I have a piece of paper dated in October of 2008 from an Artist’s
Way
exercise. It’s entitled “Forbidden
Joys,” and is a list of ten things that we would love to do, but feel we can’t
or are not allowed for whatever reason. It could also be called a Bucket List,
I suppose.
Dated about 6 months later is a strike through of the word
“Forbidden” and above which is now written “Attainable.”
I’ve added three more things to the list, but the last thing
added was dated in 2009. I’ve carried this list through my move, and
found it maybe two months ago when I took The Artist’s Way book down again while looking for quotes for my
workshop on Creativity and Spirituality in the Spring.
The list is only about a third accomplished. And I’ve decided
not to “update” it from what I’d written, as I know there are now more and
different things I’d add. But, I want to honor this list, because there are still things on it that I would really love to do, if I
let myself.
The things that are now crossed off are: Go blonde; Audition for a play; Get furniture and paint my place (prior to that, I’d been using Office Depot boxes as night&coffee tables); Ice
skate; and Paint a canvas.
I still want to continue to audition for plays, and I still
want to Ice skate, and I want to paint more canvases, but “breaking the seal”

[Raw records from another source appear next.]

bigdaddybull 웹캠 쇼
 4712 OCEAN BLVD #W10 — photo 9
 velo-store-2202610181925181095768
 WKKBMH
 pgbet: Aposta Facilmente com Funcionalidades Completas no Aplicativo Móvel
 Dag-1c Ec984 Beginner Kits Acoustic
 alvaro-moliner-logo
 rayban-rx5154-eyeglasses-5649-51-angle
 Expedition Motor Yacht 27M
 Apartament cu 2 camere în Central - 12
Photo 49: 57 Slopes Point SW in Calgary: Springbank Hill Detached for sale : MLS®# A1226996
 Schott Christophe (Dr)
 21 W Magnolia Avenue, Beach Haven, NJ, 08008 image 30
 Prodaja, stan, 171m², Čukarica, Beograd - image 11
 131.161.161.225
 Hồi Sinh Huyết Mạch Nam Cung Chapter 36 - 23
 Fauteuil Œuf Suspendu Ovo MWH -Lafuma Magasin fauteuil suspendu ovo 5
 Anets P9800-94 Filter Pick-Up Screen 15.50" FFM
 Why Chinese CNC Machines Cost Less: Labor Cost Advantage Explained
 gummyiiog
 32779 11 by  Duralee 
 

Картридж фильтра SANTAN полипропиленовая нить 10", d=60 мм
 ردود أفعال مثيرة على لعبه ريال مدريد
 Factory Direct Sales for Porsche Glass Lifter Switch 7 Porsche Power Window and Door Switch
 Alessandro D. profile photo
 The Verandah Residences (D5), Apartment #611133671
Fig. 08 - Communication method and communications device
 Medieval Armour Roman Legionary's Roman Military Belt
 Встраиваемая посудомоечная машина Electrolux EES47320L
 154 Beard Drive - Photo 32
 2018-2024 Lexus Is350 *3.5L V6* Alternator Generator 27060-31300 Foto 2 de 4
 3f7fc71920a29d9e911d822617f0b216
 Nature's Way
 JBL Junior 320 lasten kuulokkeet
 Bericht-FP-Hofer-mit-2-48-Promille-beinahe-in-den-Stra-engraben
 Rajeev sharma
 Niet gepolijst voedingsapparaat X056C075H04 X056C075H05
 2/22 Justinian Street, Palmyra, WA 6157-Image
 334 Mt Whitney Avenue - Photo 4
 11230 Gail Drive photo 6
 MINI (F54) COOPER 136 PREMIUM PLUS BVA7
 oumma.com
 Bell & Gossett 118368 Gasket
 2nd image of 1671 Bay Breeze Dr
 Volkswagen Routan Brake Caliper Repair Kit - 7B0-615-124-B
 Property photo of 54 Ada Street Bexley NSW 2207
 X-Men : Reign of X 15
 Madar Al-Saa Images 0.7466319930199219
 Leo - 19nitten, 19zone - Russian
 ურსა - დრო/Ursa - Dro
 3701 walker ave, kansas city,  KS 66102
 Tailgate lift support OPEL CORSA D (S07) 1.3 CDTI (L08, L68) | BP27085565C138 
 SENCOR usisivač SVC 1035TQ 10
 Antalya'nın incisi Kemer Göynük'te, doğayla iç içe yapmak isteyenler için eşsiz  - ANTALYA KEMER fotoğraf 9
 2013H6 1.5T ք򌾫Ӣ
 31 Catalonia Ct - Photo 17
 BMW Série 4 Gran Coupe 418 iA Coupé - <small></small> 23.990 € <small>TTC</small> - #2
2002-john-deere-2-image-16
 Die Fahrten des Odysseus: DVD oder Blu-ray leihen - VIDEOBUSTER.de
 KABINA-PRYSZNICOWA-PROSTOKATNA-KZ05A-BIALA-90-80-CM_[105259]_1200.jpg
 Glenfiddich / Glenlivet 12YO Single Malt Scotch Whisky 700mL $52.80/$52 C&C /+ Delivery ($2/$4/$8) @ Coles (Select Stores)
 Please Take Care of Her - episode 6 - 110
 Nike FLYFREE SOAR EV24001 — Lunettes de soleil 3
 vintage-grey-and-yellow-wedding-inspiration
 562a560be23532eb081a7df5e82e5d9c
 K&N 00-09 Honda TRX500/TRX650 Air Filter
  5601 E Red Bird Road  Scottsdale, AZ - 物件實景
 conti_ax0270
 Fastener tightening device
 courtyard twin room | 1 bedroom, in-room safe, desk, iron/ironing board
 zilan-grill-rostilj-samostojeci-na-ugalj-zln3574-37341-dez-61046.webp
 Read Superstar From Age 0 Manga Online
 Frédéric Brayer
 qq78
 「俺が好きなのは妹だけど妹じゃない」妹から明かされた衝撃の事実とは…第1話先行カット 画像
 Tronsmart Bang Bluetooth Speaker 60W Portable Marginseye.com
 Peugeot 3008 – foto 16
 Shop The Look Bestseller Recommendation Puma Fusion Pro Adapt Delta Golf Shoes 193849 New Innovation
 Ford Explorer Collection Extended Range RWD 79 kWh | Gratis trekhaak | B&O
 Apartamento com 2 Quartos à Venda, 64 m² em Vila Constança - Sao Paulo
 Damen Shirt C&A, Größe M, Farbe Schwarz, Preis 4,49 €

as it were, or going on an inaugural run through each of these is a great
beginning.
Those that still remain are: Bass lessons; Camp in the
wilderness; See the southwest again; Go on a real vacation; Sing in a band;
Have a dog (not sure if now having a cat counts, but I’m leaving it!); Build a
(non-Ikea) bookcase; and Take flying lessons.
This last one, I am most poised to do at present, as I got
one of those LivingSocial, Groupon-y type emails last week…For a two-hour
introductory flying lesson.
Typically, these are really expensive. I’ve actually looked
up this company before, during this past summer, when I was trying to find
work, and thought that maybe volunteering somewhere I was interested to learn
would be good experience, so I emailed a whole bunch of flight schools in the
area, as well as a whole bunch of sailing schools. But none had any openings.
But, I did get to see what was available out there. … And to see how insanely
expensive it is to get licensed to fly a small plane, which is ultimately what
I’d like to do.
I love flying. I have found over the past few years that I
write pretty well and pretty prolifically at 30,000 feet. There is a level of
suspension of reality, of detachment from every and anything that may be going
on – I feel freer and more unfettered than I almost ever feel. The only thing
comparable to me is really hiking out somewhere, or being up in Sonoma, for
whatever reason. I once about Sonoma that “my guts release the strictness I didn’t know
they were in.” And it’s true. I feel open, unclenched, serene.
So, in an effort to follow my nudges and listen to myself
and take responsibility for my dreams, I bought the intro flying lesson. It’s a
step. And I’ll get to cross it off my “Attainable Joy” list. And “Sing in a
band,” I know you’re there, and I’m listening.